## WORK REQUEST
Make an exact copy of the listing below. Pictures stay out of it.

[SUPPLIED INFORMATION Boundary: Start]

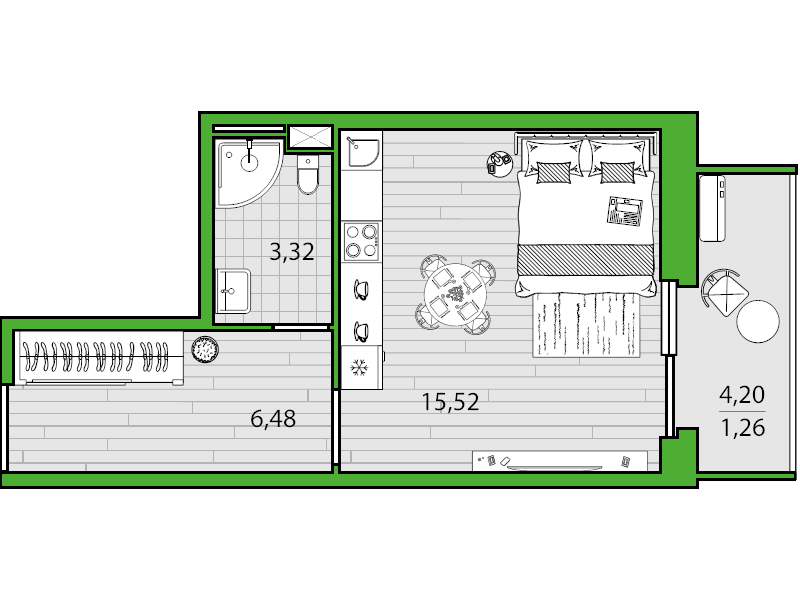 Квартира-студия, 26.4 м² - планировка, фото №1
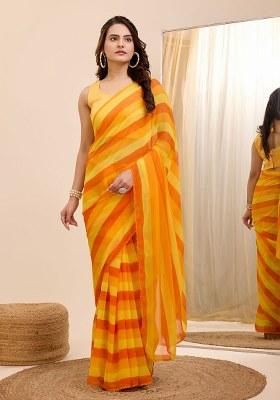 Yellow Printed Faux Georgette Saree Set
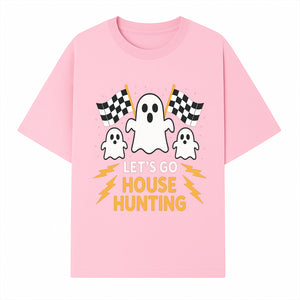 Let's Go House Hunting Ghosts T-Shirt | Fun Halloween Costume | Cute Ghost Design with Checkered Flags | Spooky Home Search Graphique - T-shirt 1758333015800.jpg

[SUPPLIED INFORMATION Boundary: End]

## WRITTEN ANSWER
 Квартира-студия, 26.4 м² - планировка, фото №1
 Yellow Printed Faux Georgette Saree Set
 Let's Go House Hunting Ghosts T-Shirt | Fun Halloween Costume | Cute Ghost Design with Checkered Flags | Spooky Home Search Graphique - T-shirt 1758333015800.jpg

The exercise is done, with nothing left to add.